● Input for this task:
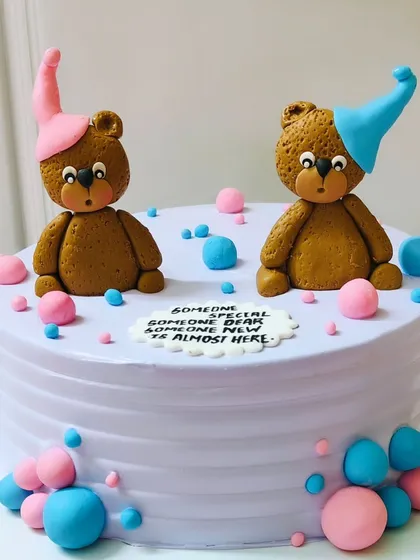 Another adorable gender reveal cake, which is always high in demand! The pink and blue theme keeps everyone guessing until the first slice.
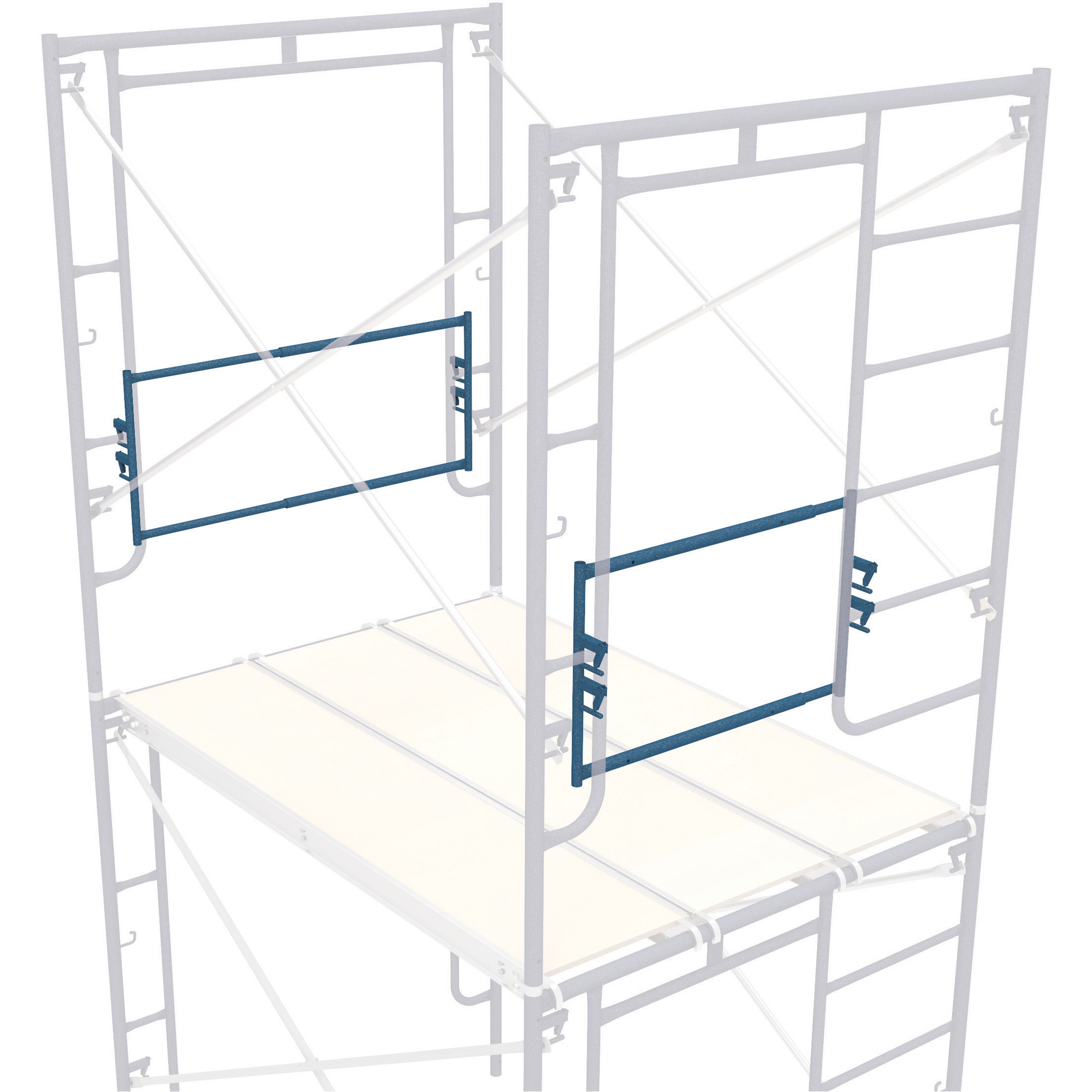 Garde-corps d’extrémité extensible pour l'échafaudage, Barre de retenue, 21" h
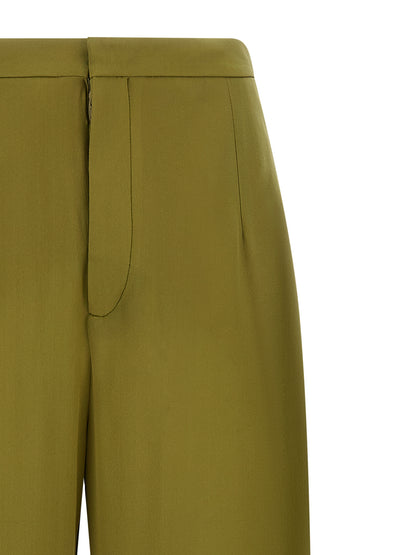 MAISON JEJIA Women's Straight Leg Wide High Rise Silk Trousers - Bicolour Green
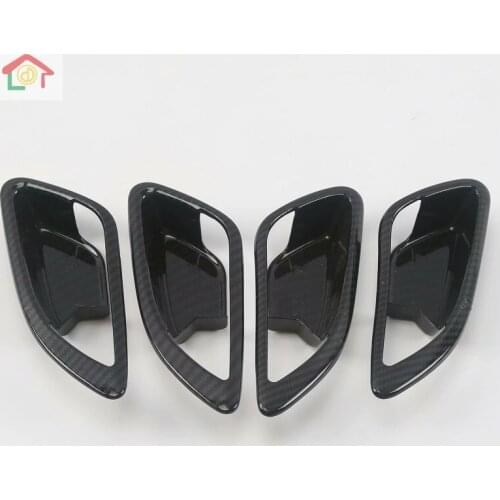 For Hyundai ix35 2018 2019 Carbon Fiber Style Inner Door Handle Cover Catch Bowl Trim Insert Bezel Frame Garnish
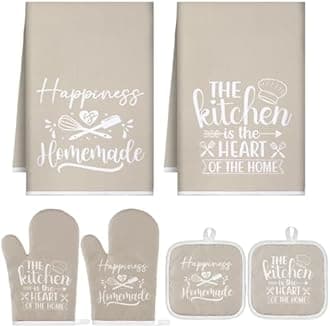 Sratte 6 Pcs Kitchen Decor Accessories Set Farmhouse Towels Pot Holders Oven Mitts Set 2 Dish Towels 2 Potholders 2 Cooking Mittens Oven Glove for Christmas Baking Cooking Supply(Beige,Kitchen)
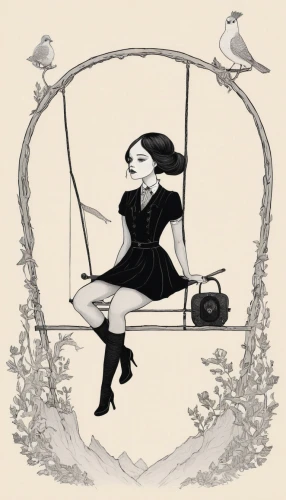 swing,garden swing,trapeze,swinging,flying trapeze,wooden swing,marionette,cd cover,empty swing,swing set,swings,tightrope walker,old world oriole,crow queen,hanging swing,perched on a wire,fashion illustration,vintage drawing,high-wire artist,vintage illustration,Illustration,Abstract Fantasy,Abstract Fantasy 05
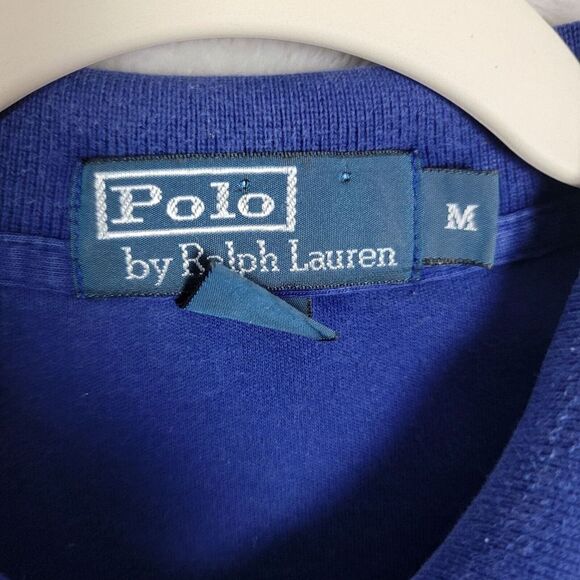 Ralph Lauren Polo Shirt Mens Size Medium Pony Logo‎ Short Sleeve Blue Cotton - Picture 3 of 7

● What to produce: Transcribe exactly, with no pictures, the lines running from the first line of the material through the line holding "Garde-corps d’extrémité extensible".

● Written response:
 Another adorable gender reveal cake, which is always high in demand! The pink and blue theme keeps everyone guessing until the first slice.
 Garde-corps d’extrémité extensible pour l'échafaudage, Barre de retenue, 21" h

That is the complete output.